Milly hovered all day long between alternations of wild hope and wild despair. If she had been accustomed to self-analysis, she herself might have been surprised to see how widely her present moods differed from those which had dominated her when she lived at Maple Cottage. She was then a vain, self-seeking little damsel, affectionate and uncorrupted, with an empty head, indeed, but an innocent heart. Now both self-seeking and vanity were being scourged out of her by force of the love which she had learnt to feel. She was little changed in manner, and an observer might have said that she was as childishly pleased as ever with a new gaud or a pretty toy; but behind the self-sufficiency of her demeanor, and the frivolity of her tastes, there was something new—something more real and living than mere self-indulgence and conceit. The faculty of giving and spending herself for others had sprung into being with the first love she had known. For the man with whom she had gone away from Lettice's house she was willing to lay down her life if he would but accept the gift. And when he seemed loath to accept it, Milly became conscious of a heart-sick shame and pain which had already often brought tears that were not unworthy to her pretty childish eyes. The strength of her own feelings frightened her sometimes: she did not know how to resist the surging tide of passion and longing and regret that rose and fell within her breast, as uncontrollable by her weak will as the waves by the Danish king of history. Poor Milly's soul had been born within her, as a woman's soul is often born through love, and the acquisition cost her nothing but pain as yet, although it might ultimately lead her to a higher life.

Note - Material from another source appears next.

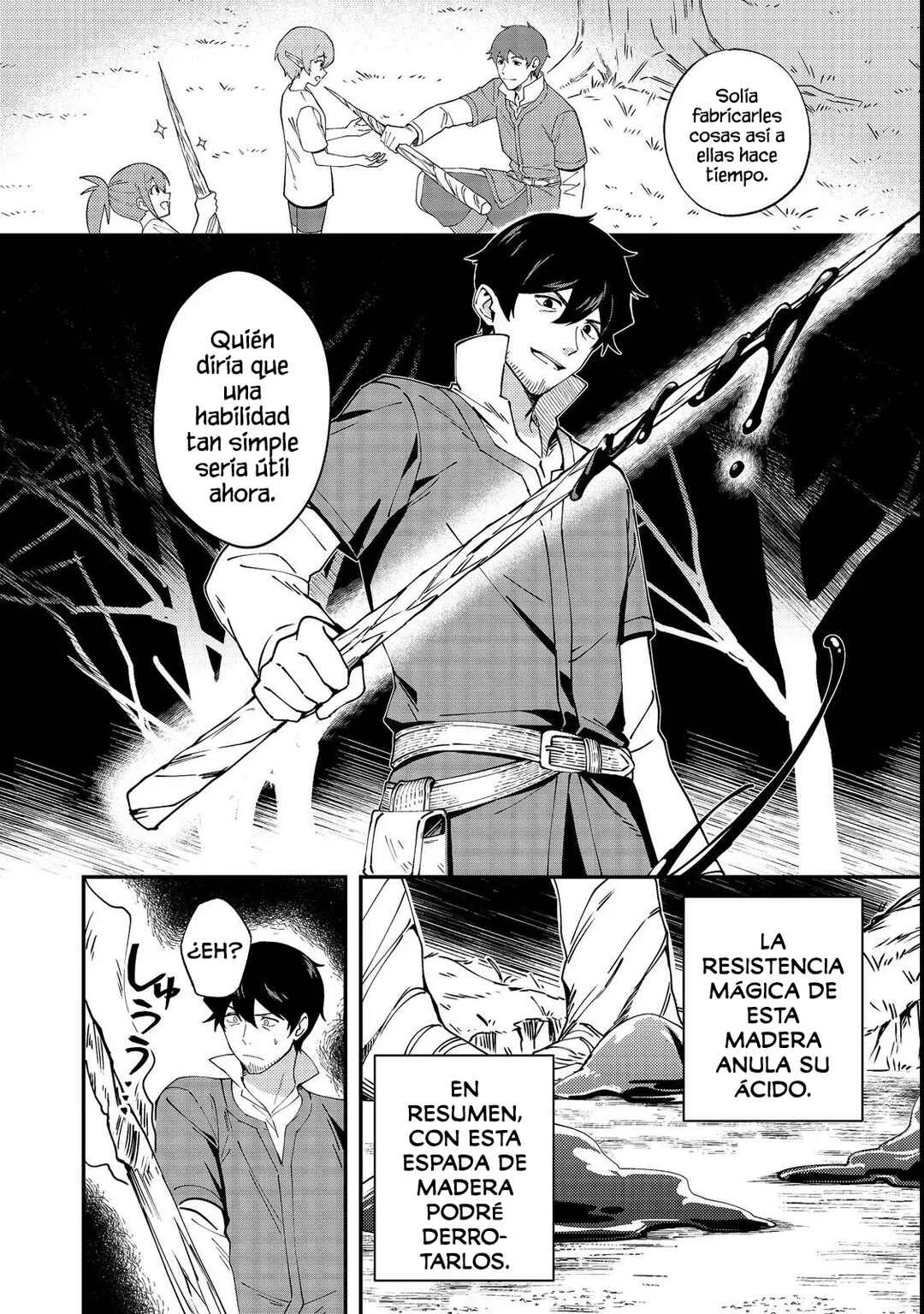 Hirotta Dorei-tachi ga Tabi datte Haya Juunen,  Naze ka Ore ga Densetsu ni Natteita @COMIC Capítulo 2 - Page 9
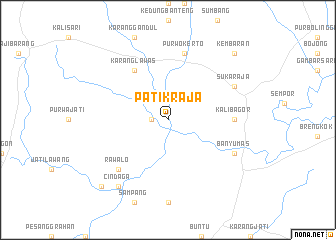 map of Patikraja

She arrived at the lodgings in Hampstead which had formerly been hers, about five o'clock in the afternoon. The landlady received her cordially, saying that "the gentleman had bespoke the rooms," and Milly was taken at once into the sitting-room, which looked west, and was lighted by a flood of radiance from the setting sun. Milly sank down on a sofa, in hopeless fatigue.

"Did he say that he would be home to-night?" she asked of the landlady.

"No, Mrs. Beadon, he didn't; but he said that he was very busy in the city and would write or send if he couldn't come himself."

"How was he looking?"

"Oh, very well, but a bit worried, I thought," said Mrs. Capper. "Now let me take your things, ma'am, and then I'll bring up the tea: you don't look as if your stay in the country had done you much good after all."

"Oh, I'm very well," said Milly, unfastening her mantle and coloring with nervousness under the woman's sharp eye. "I daresay Mr. Beadon will come to-morrow, if he doesn't come to-night."

But nobody came, although she sat up watching and waiting for many hours after Mrs. Capper had betaken herself to her bed. What did this silence and absence mean? Her heart contracted with a curious dread. She loved, but she had never believed herself capable of retaining love.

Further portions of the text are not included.